Interview of Caity Fowler by Sophie Law
After a whirlwind national tour with her band, Melbourne-based indie-rockers Playwrite, musician Caity Fowler has made a somewhat spiritual return to solo writing in her new stripped back one-woman-show, I Am Another Yourself…
Hi Caity, how’s life treating you?
Hey Sophie! Really well thank you.
What music have you been listening to lately?
A varied collection as usual! I just performed in a friend’s fringe show, which was a live full band performance of the soundtrack to Baz Lurhman’s Romeo & Juliet—so I’ve had that stuck in my head for a while now, killer soundtrack! I’ve been drawn back to some old favourites in recent times, so Tegan and Sara’s “So Jealous” Album and Lior’s “Autumn Flow” cause they both bring back great memories. I also listen to quite a bit of chanting and devotional music that goes together with my meditation and yoga practice; one of my favourite artists in this genre is Krishna Das because of his incredible heart-centred and resonant voice.
Your new show, I Am Another Yourself, has an interesting title; can you briefly explain the idea behind it?
Sure. It is a translation of the words “In Lak Ech,” which come from a Mayan poem. The poem says basically that any harm I do to another I do to myself and any respect I give to another I give myself. It’s about the idea that we are all connected and in reality smaller parts of one whole. In Western culture we are very identified with our individual bodies and minds that many of us have forgotten this truth. Even if the spiritual dimension of that doesn’t resonate for you we are physically all living on one planet and our life is interdependent on one another.
We hear the show will feature some new original music…can we maybe expect an EP to follow?
Actually I’m planning on recording an album of the same name featuring most of the music from the show and a few other bits and pieces. I hope to do this late 2016/early 2017. It will be a collaborative project featuring some solo pieces and several duets and group numbers. I’ve been messing around on different tracks with friends all year and I’d love to have their voices and their love poured into this special collection of songs. I think this will really enhance its beauty and encapsulate the theme of connection.
You’re a qualified yoga instructor—that’s amazing! How and why did you get involved with yoga?

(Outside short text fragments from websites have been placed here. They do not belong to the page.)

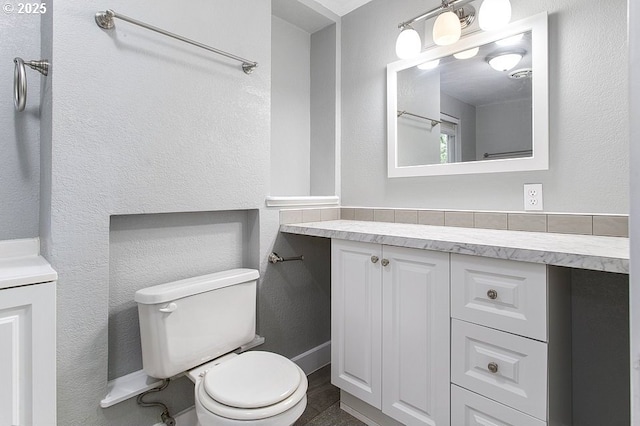 13616 SE Rhine St, Portland, OR 97236 - bathroom featuring toilet, vanity, a textured wall, and baseboards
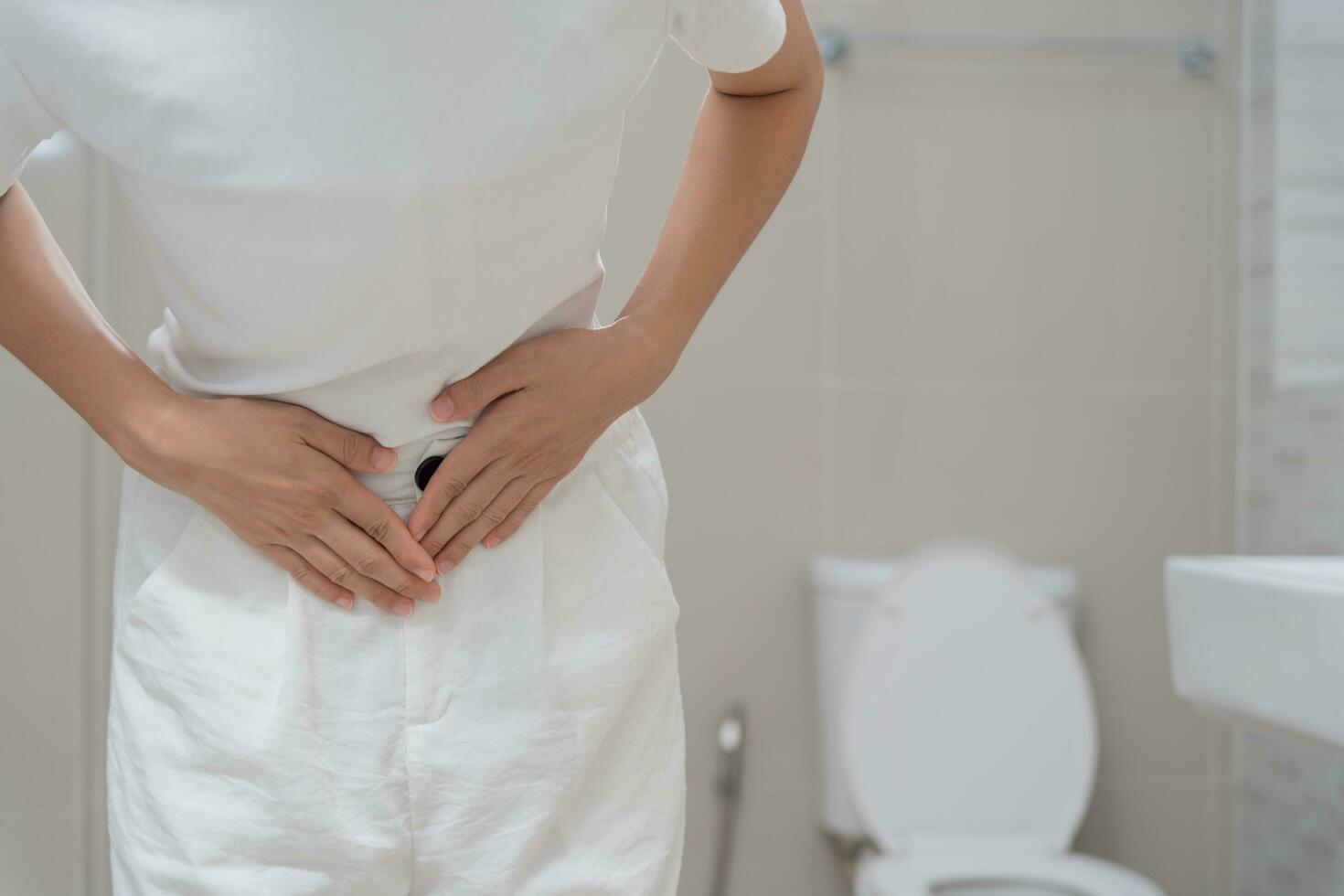 Constipation and diarrhea in bathroom. Hurt woman touch belly stomach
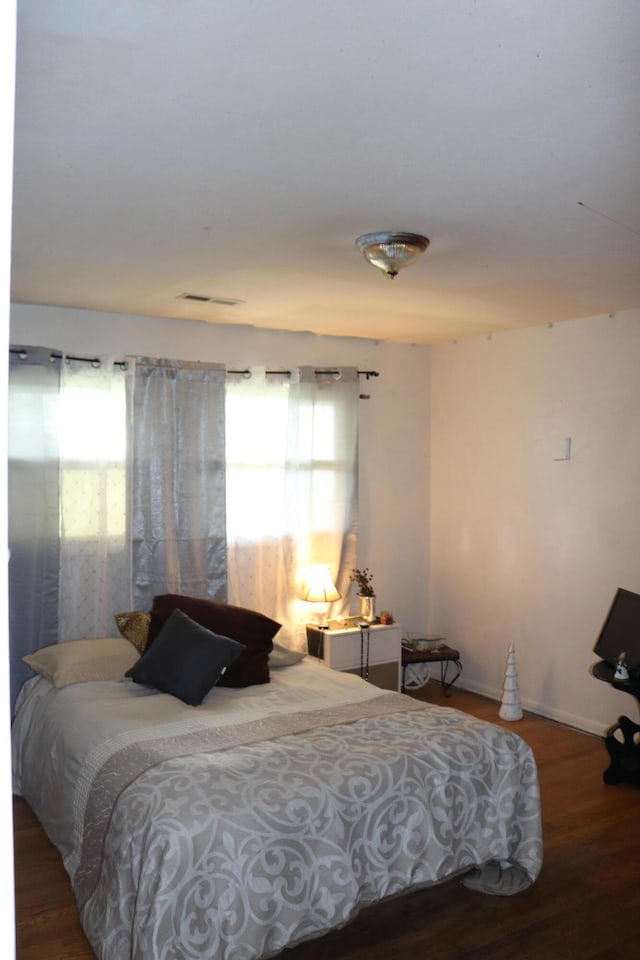 bedroom with visible vents, baseboards, and wood finished floors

About two years ago, my band Playwrite were lucky enough to support Elbow on their Australian tour, which included shows at the Opera House and the Forum. Even though I’ve played hundreds of shows in that band, when I stood on the opera house stage for sound check my body filled with nervous energy, it was just so huge. I hardly ever get nervous before I perform and I could feel my body was shaky and my throat was tight and my head was a mess and I knew I had to do something to get back in my body. So after soundcheck I went back to my dressing room and did yoga and rolled around on the floor a bit and made lots of strange noises with my voice and while I did I could feel all that excess energy just leaving and feel myself coming back down to Earth. The show that night was incredible. That lead me to pursue yoga teacher training; I think it’s an amazing skill for performers who need to be present on stage and in their bodies especially if their body is an instrument or connected to one.
You’ve had a pretty awesome career so far covering lots of different facets of entertainment, what have been your biggest highlights to date?
Playing the Sydney Opera House and the Forum Theatre, Melbourne with my band Playwrite, supporting Elbow. Performing in a beautiful contemporary opera called “Voicing Emily” at the Malthouse Theatre. The Opera was based on the life and poetry of Emily Dickinson; it had a stunning team of designers and I got to work alongside Theresa Borg and Helen Noonan, all three of us playing Emily at various stages of her life. Being in a big Disney musical (for a very short time) was a pretty spectacular experience. It was an amazing process to be part of something with such a big budget and so many resources. Recently the big highlight is seeing how all of these very diverse experiences have shaped me as an artist and as a person, and even though I’m not working on productions that are large scale at the moment I feel like I’ve found my authentic voice and a very deep sense of satisfaction in what I create and how I share it.
Your band Playwrite have recently taken a step back from creating music. Can we expect anything from the band in the future?
I honestly don’t know yet. We are great friends who are all pursuing other things right now. Whether or not we will come back together to create again is unknown.
Your 2013 solo EP, Whitelight Blackdog, tackled depression. What did it mean for you to go on that creative journey?
It was really important to me, especially at that point in time. A lot of people in my life have been affected by depression and I wanted to contribute to a conversation about it. It seemed to me then, and still now, that depression is often accompanied by shame or feeling isolated or defective in some way. When we bring something into the light and discuss it and start to be vulnerable with one another we get to see that our experience is common, that perhaps it is normal even and that it doesn’t alter our wholeness. This was very healing for me.
What has been the most valuable life lesson you’ve learnt?
To let go. Let go. Let go.
Finally, what advice do you have for our Ramona readers?
You are a human BE-ing, not a human doing. Remember to make time just to be, to relax, to rest, to stretch, to drink tea, to look at clouds, to wander, and to find quiet inside. There is nothing you need to do, or achieve or create or prove, to earn your value, worth and wholeness. They are yours always and nothing can change that.